What is “Operation Twist?”

The Federal Reserve will swap $400 billion in Treasuries that come due in three years or less for $400 billion in Treasuries that come due in six years or more.

Why would they want to do this?

Right now, there are trillions of dollars in corporate reserves sitting on the sidelines. If corporations decided to invest that money in new workers, plants, etc., it would be a huge boon to the recovery. But they’re scared to invest now because the future of the economy is so uncertain. By purchasing long-term bonds, the Federal Reserve is trying to make it less profitable to stash your money in Treasury securities and give investors and businesses an added reason to spend now, when interest rates are low.

Is it likely to work?

What do you mean by “work,” kemosabe? It’s likely to help keep long-term interest rates low. But it’s not likely to make a huge difference in the economy. Among other things, interest rates are already incredibly low, and that’s not persuading private actors to boost their investments. The problem right now isn’t that investing is expensive, but that corporations don’t see many good investments because there’s not much demand.

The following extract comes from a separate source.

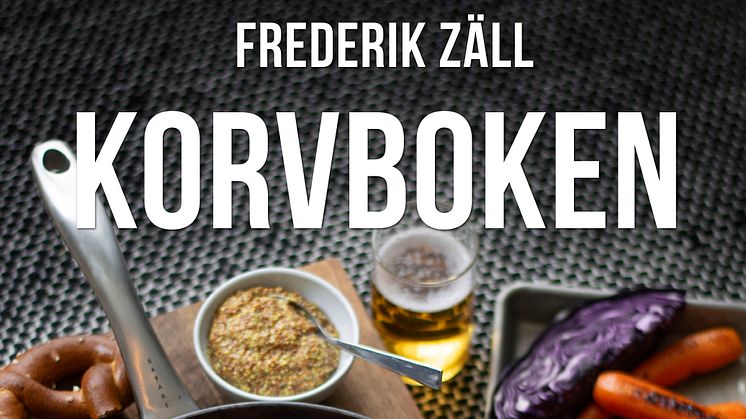 Korvboken -  en hyllning till de oändliga möjligheterna att skapa fantastiska korvrätter!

Is “Operation Twist” the reason the markets are crashing today?

No. The markets had known about Operation Twist for weeks. Almost all of the policy was priced into the market before the announcement. It’s always hard, of course, to say exactly why the markets are plunging, but we think it’s because of worries over European banks, Chinese growth and the dour economic outlook in the United States. See Neil Irwin and Michael Birnbaum for more on that.

Why is “Operation Twist” called “Operation Twist”?

Financial writers like to be cute. The Financial Times’ Gavyn Davies, for instance, wrote about an alternative path the Fed could have taken in which they clearly communicate their intention to attack unemployment until it begs for mercy and called it “Operation Shout.” Get it?